There was a period in my life when I truly loved three women-- one a poet, one a musician and one who just made me smile every time I was with her. But I am a one-woman kind of guy. A decision had to be made. I hitchhiked over to the Okanogan country of Eastern Washington to visit my long-time friends, David and Cheryl Reitz. I thought I'd hike back up into the mountains around their place, camp out overnight and come to some kind of resolve about what to do.

Dave assured me there were no hazards up in those hills and I could quite comfortably just climb until I was tired and then camp out. No cell phones in those days, he'd meet me at the trailhead sometime later that next afternoon. With bedroll and a jug of water I headed out that bright morning. Before too long I came to a bend in the trail and right there in the path was a snake. David had assured me there were no rattlesnakes up there.

Prudently I watched for a minute. Just as I was about to continue the hike, the snake turned and there on its tail were about twelve beautiful buttons. Yikes! Snakes! It slithered off the trail. What to do? I wasn't about to give up my quest. I gathered up two 10-inch pieces of dry wood that comfortably fit into my hands and began making a figure-eight form back and forth, clicking them together. I figured if the rest of the snakes thought I was one of them, they wouldn't bother me. I guess that worked. I never did see another snake. Later I learned snakes can't hear. Well, I could, and it kept me focused on the trail ahead, clicking for hours.

That night, staying up under the stars, I had the only vision I can ever truly say I've had. As I thought about these wonderful women in my life while posing the question, “Who should I be with?” I swear a voice said, “Be with the one who wakes up happy in the morning!” That's it. Maybe I should have asked about world peace or poverty or life after death. Ah, no matter. That answer was the right one for me because I am still with that woman almost fifty years later and she still wakes up happy.

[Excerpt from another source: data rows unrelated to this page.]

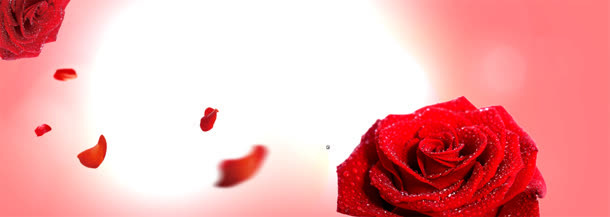女装banner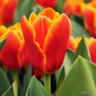Tulip 'Stresa'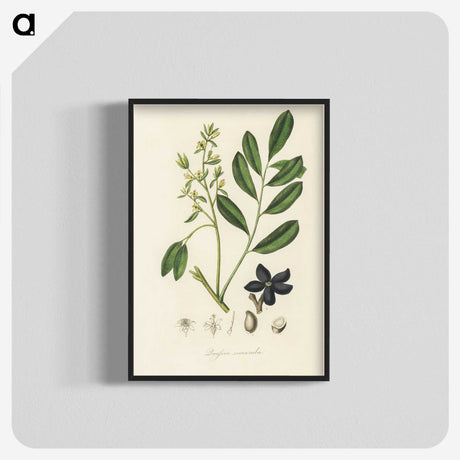 2-14_Medical-Botany_blk-crop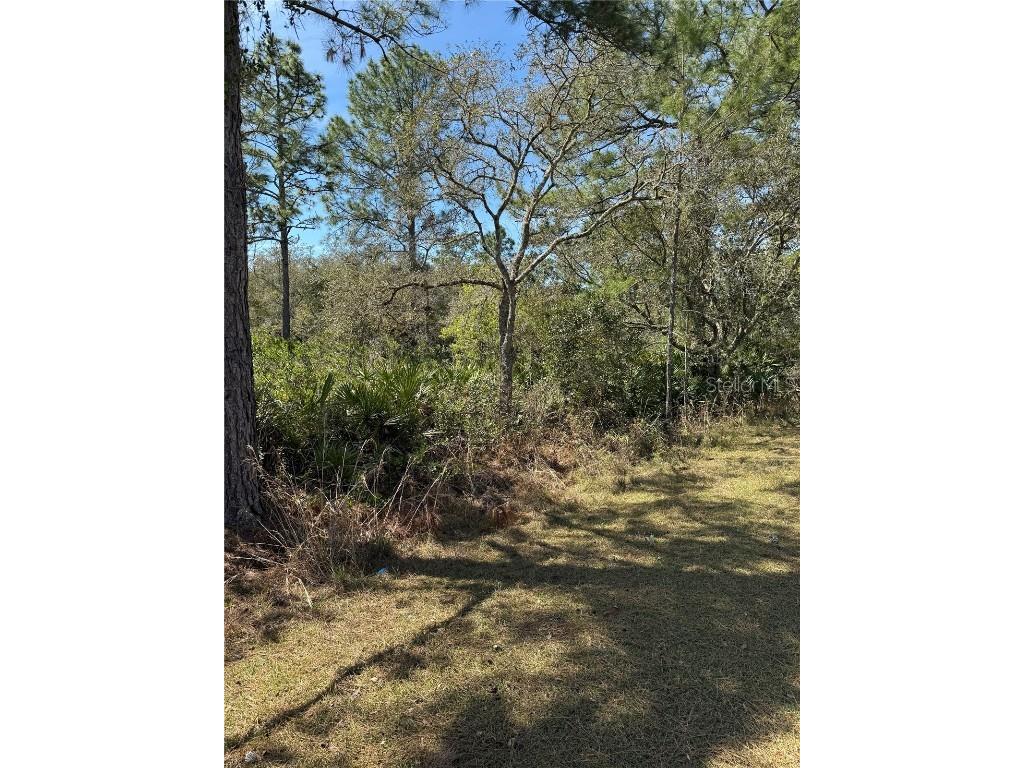 30700 Kumquat Avenue Eustis FL 32736 OM696239 image1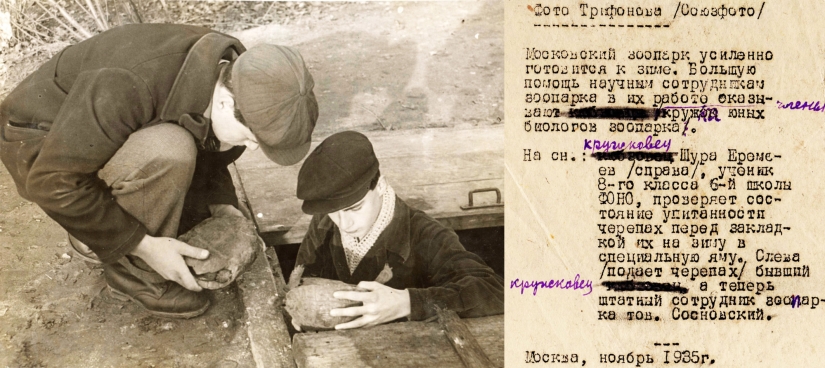 Kids in a cage: 154 years of the Moscow Zoo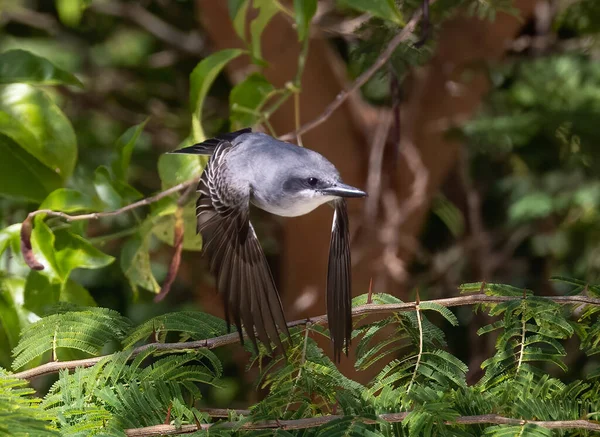 Gri Kral Sparrow Arka Planda Bulanık Bir Bahçede Uçarken Sığ — Stok fotoğraf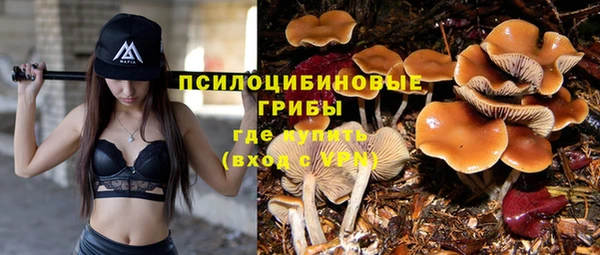 mix Няндома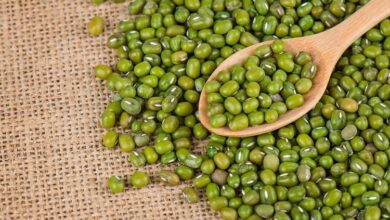 Madhya pradesh News : समर्थन मूल्‍य पर मूंग खरीदी के लिए पंजीयन की तारीख 31 मई तक बढी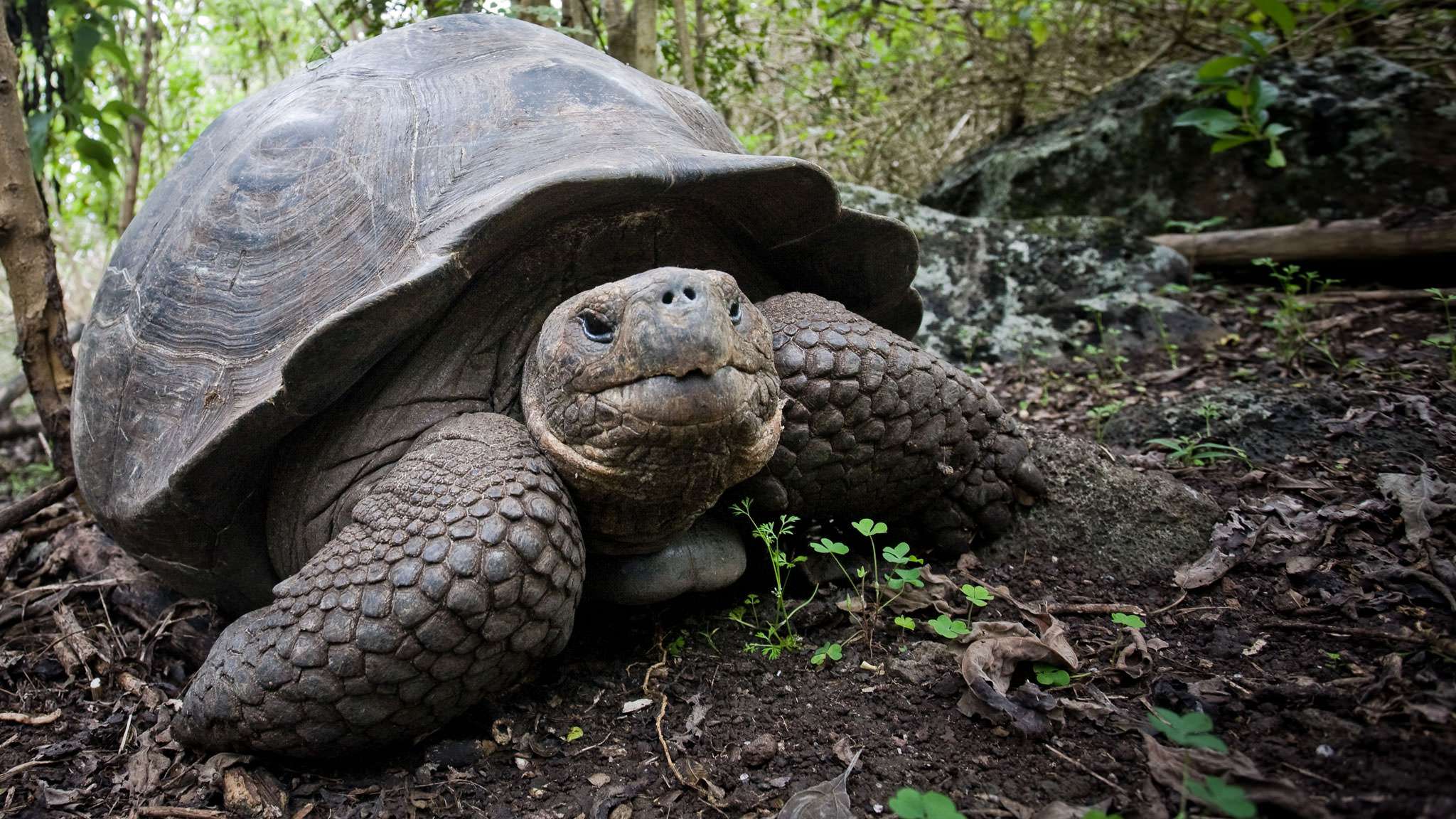 Galapagos Tortoise Habitat, Diet & Reproduction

Full of resolve to pursue Janette I jauntily headed back down the trail that next morning. Thistledown was glowing in the early sunlight and blowing about in the slight breeze-- soft tuffs from a tenacious thorny bush-- a good metaphor. In a distant meadow stood two young black bears cubs. Oh how cute I thought, wrapped up in the euphoria of love. Then mama appeared and made a short run toward me. I got the message: move on!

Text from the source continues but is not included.